EXERCISE AIM
Pictures excluded, output the lines of the data below between the one holding "Giraffe in Neon-Lit" and the one holding "Carte Postale Bateau", inclusive, exactly as they stand.

SOURCE RECORDS
******
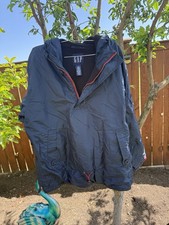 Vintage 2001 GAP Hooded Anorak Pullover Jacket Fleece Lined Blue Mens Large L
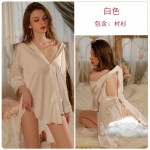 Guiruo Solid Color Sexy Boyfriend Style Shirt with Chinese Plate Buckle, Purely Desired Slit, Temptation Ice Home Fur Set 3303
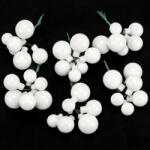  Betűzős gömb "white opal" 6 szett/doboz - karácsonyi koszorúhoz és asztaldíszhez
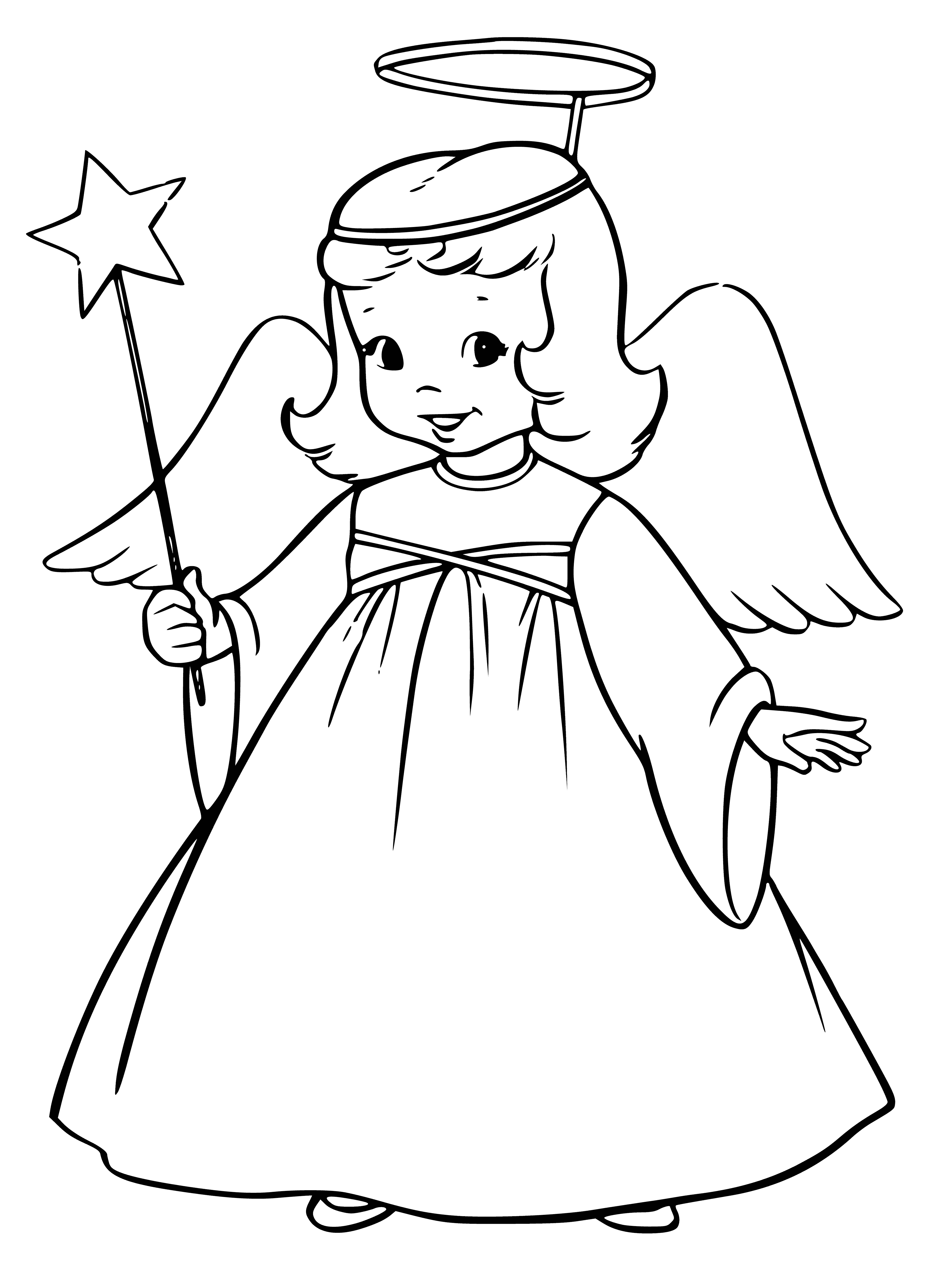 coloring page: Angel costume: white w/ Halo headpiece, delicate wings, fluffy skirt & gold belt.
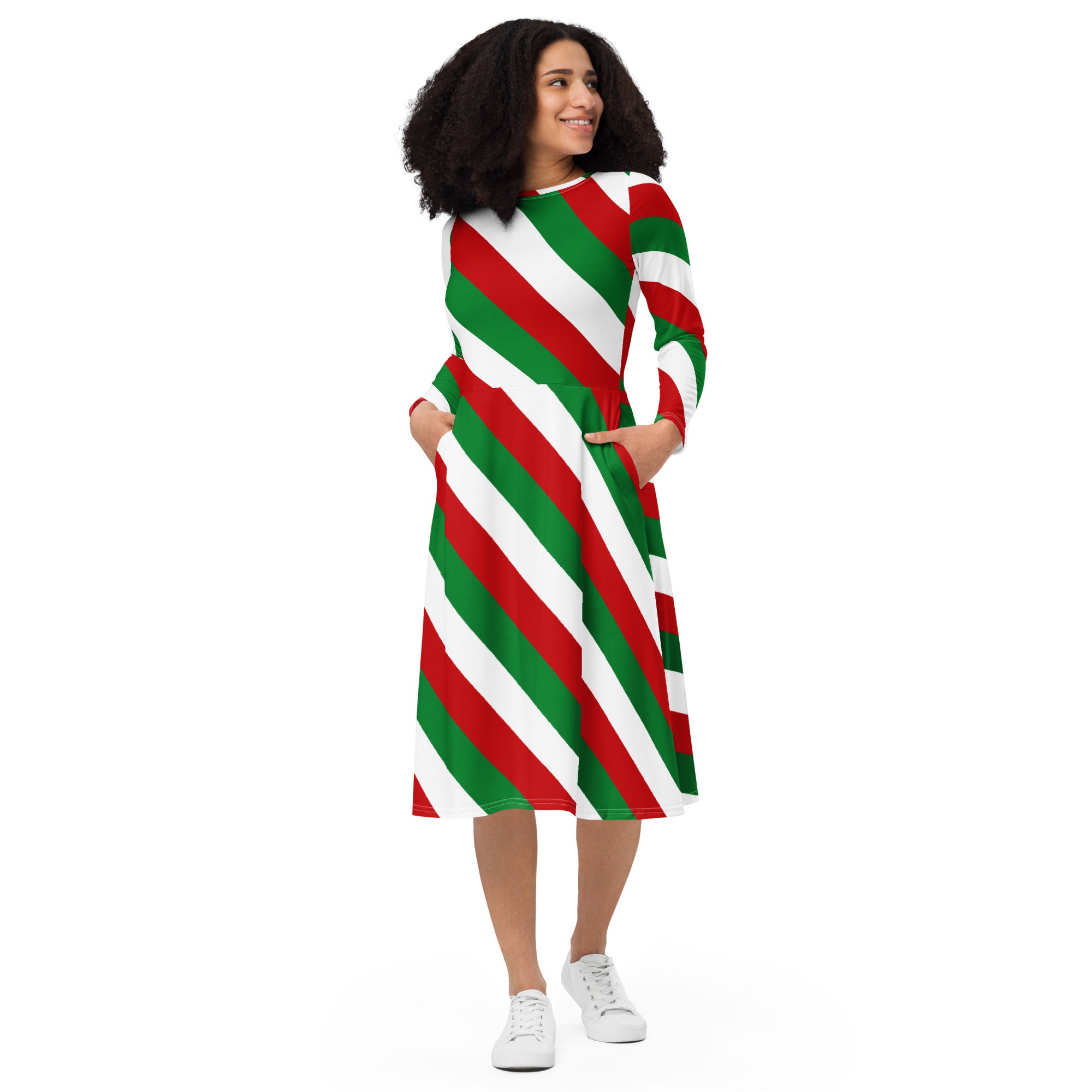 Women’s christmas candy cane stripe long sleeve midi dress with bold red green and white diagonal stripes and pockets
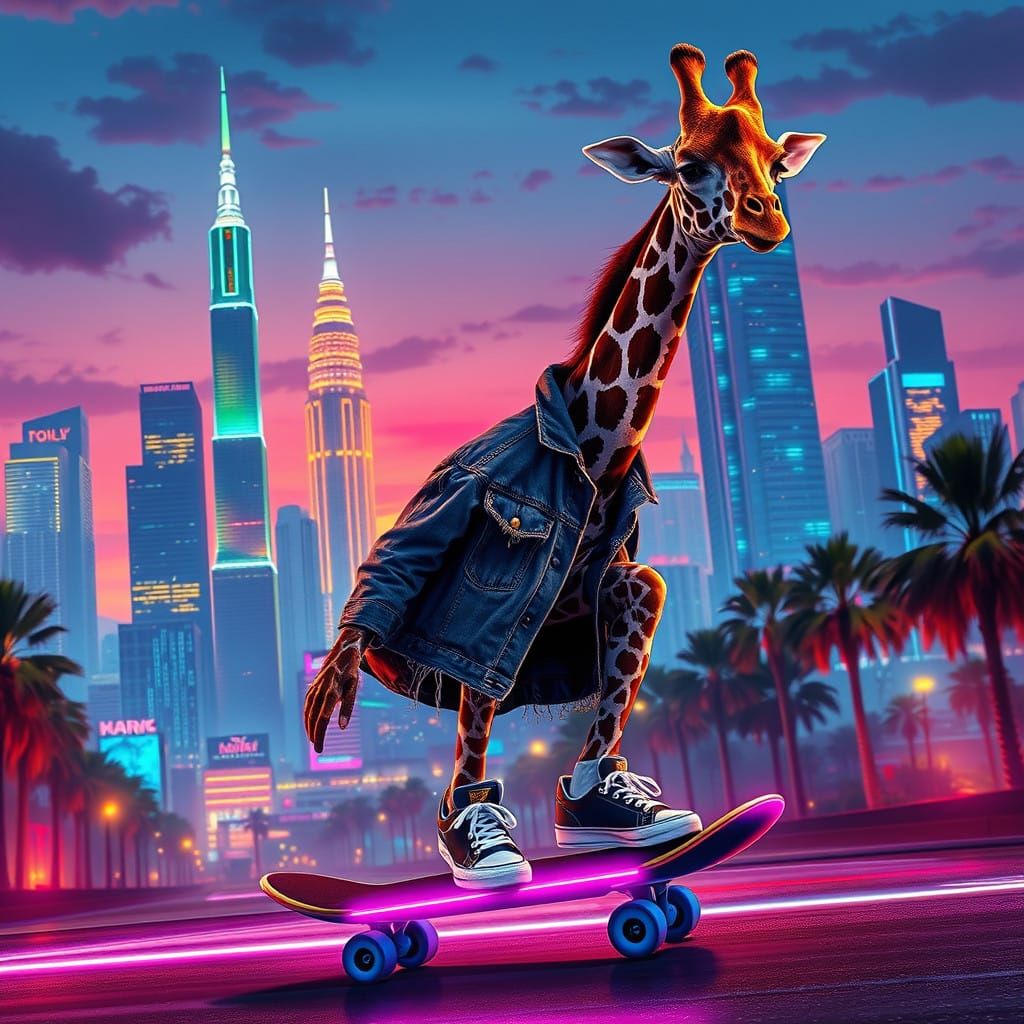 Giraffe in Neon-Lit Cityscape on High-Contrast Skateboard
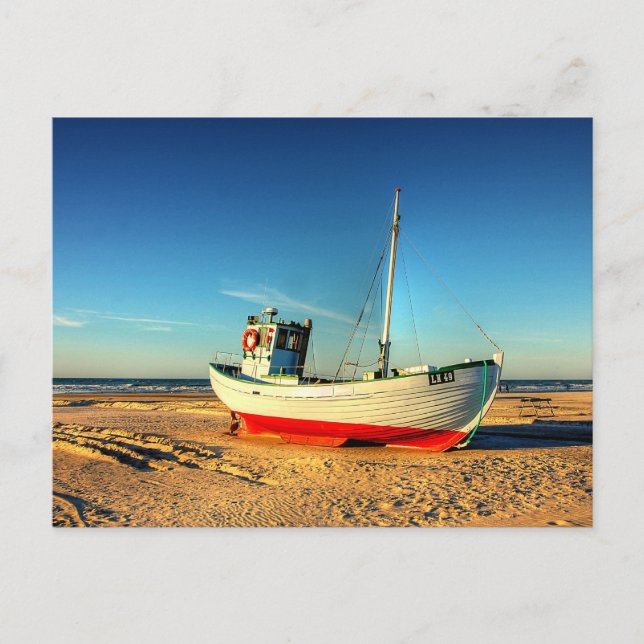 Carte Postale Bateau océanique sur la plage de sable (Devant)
******
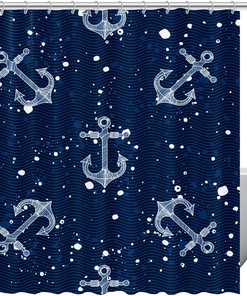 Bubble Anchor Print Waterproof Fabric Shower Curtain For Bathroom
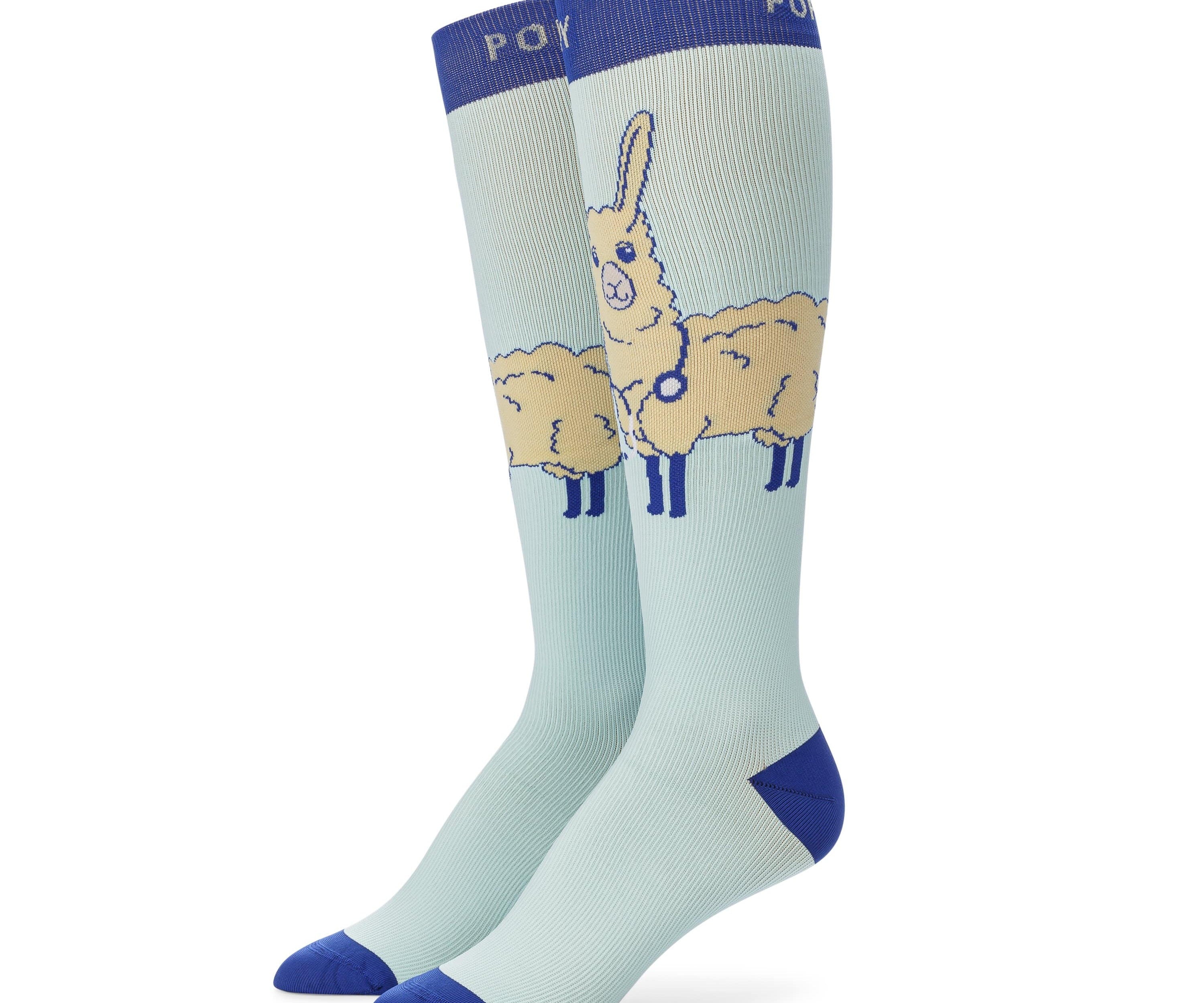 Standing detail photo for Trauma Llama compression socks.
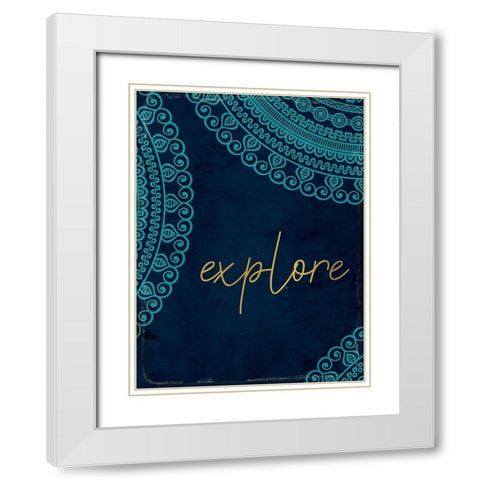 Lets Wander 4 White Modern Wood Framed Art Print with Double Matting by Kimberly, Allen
******
EXERCISE OUTPUT
 Giraffe in Neon-Lit Cityscape on High-Contrast Skateboard
 Carte Postale Bateau océanique sur la plage de sable (Devant)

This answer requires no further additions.